Parliamoci chiaro, ma quello credeva davvero di convincere qualcuno con questa stronzata? Ci sarebbe stato da ridere, se non fosse stato da piangere, e anche il Gonfaloniere fece una faccia che sembrava voler dire ci mancava solo il povero martire

Nei pochi istanti che seguirono questa sparata, mentre Albizzi teneva ancora la mano sul cuore e il capo chino e tutti aspettavano in silenzio, risuonò un applauso ostentato e una vocetta scanzonata e ironica spezzò l’incantesimo.

“Bravo, bravo, bravissimo, che grande interpretazione, Messer Albizzi!” fece Giovanni, applaudendo e sorridendo. “Avete sbagliato mestiere, lo sapete? Sareste stato un grandissimo attore, mi sono quasi commosso! E probabilmente la vostra grande esibizione ha impedito al Signor Gonfaloniere e ai Messeri qui presenti di rendersi conto di quanto ogni vostra accusa si possa ritorcere contro di voi con una facilità irrisoria.”

L’intervento di Giovanni fu talmente spiazzante da impedire a chiunque una reazione. Lo stesso Albizzi restò interdetto e, con la sua esitazione, diede modo al ragazzo di procedere con la sua esposizione. Del resto, gli altri Priori e Messeri si guardavano allibiti e Lorenzo si voltò verso Piero, che continuava a prendere appunti, come a voler dire che forse far intervenire Giovanni non era stata poi quella bella pensata…

Il Gonfaloniere Guadagni, invece, sembrava compiaciuto: ultimamente, grazie a quel ragazzino imprevedibile, le assemblee della Signoria erano diventate molto più movimentate ed era curioso di sentire cosa avrebbe detto stavolta.

“Tu non puoi parlare, non hai un seggio nella Signoria e non hai alcun diritto di oltraggiarmi pubblicamente in questo modo!” reagì infine Albizzi, ma era troppo tardi.

“Invece lo ascolteremo tutti, Messer Albizzi.
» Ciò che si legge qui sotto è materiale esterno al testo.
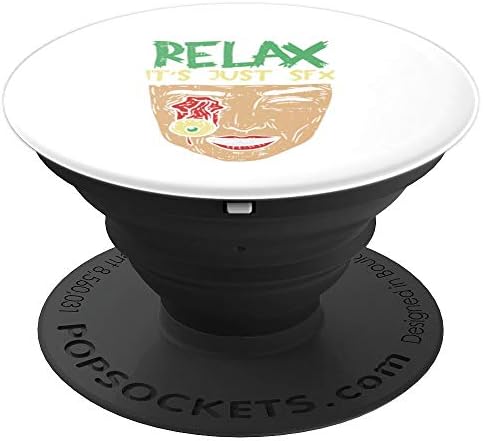 SFX Make Up I Special Effects Make-Up Design - PopSockets Grip and Stand for Phones and Tablets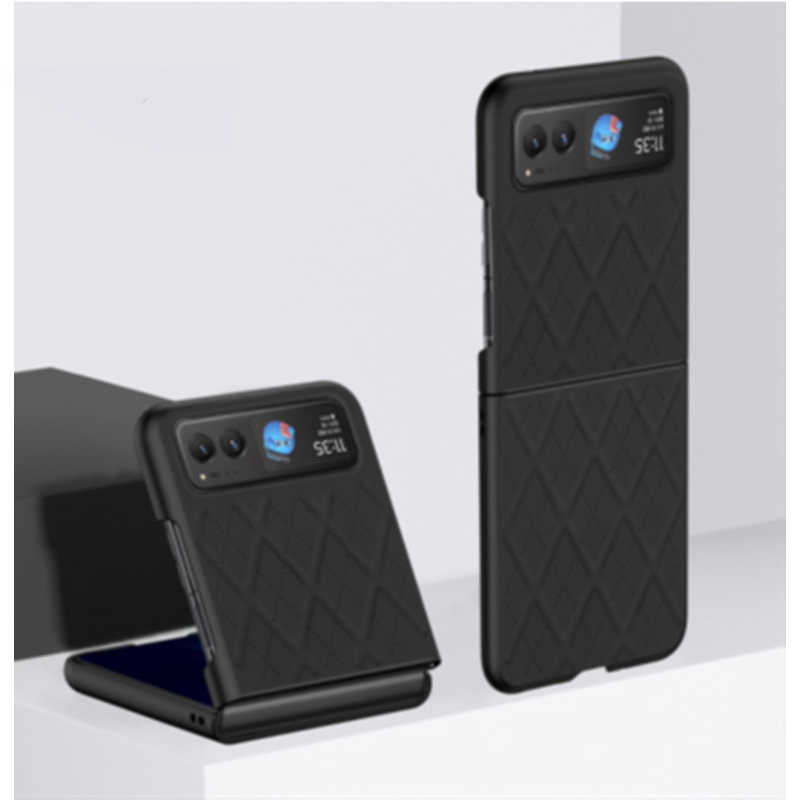 STYLEPROMOTION　Motorola razr 40用 PCSTYLE caseBK　SP-MOTO40PCS-BK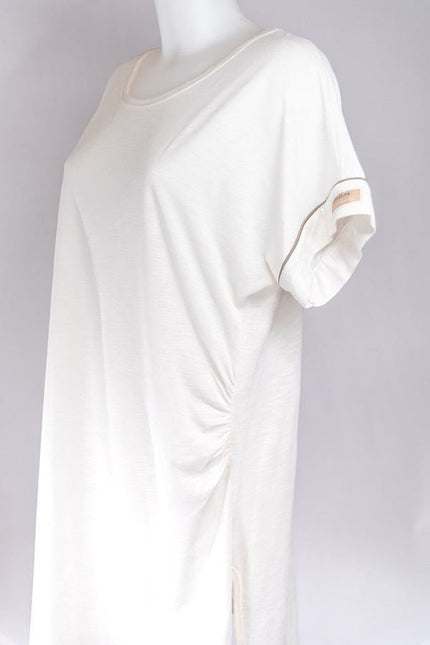 Bamboom Zwangerschapsshirt Ivoor - Bamboom - Babywinkel - 8054117838171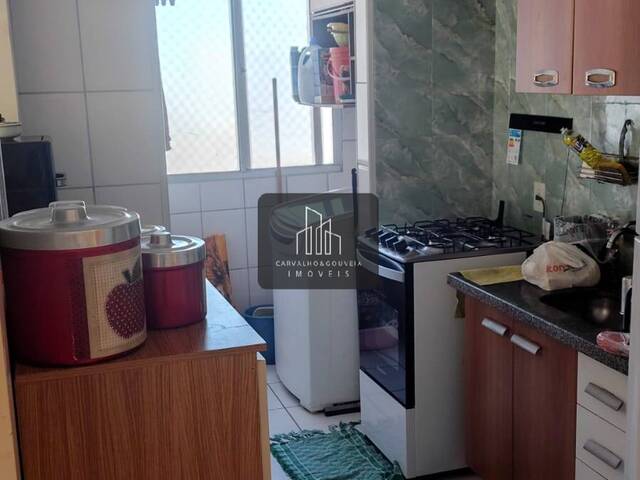 #824 - Apartamento para Venda em Poços de Caldas - MG - 2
Abbiamo stabilito già la volta scorsa che il giovane è un discendente degli Uberti e, come tale, ha pieno diritto di parlare in questa assemblea in difesa di Messer Cosimo, se così desidera” tagliò corto il Gonfaloniere.

“Vi ringrazio, Signor Gonfaloniere” disse Giovanni prima di iniziare, sempre molto divertito. “Bene, cominciamo da quella povera statua che non vi ha fatto niente e che voi, Messer Albizzi, avete preso in antipatia proprio come avete fatto con la cupola.”

Qui qualche risatina soffocata si fece sentire tra i Priori, con grande dispetto di Albizzi.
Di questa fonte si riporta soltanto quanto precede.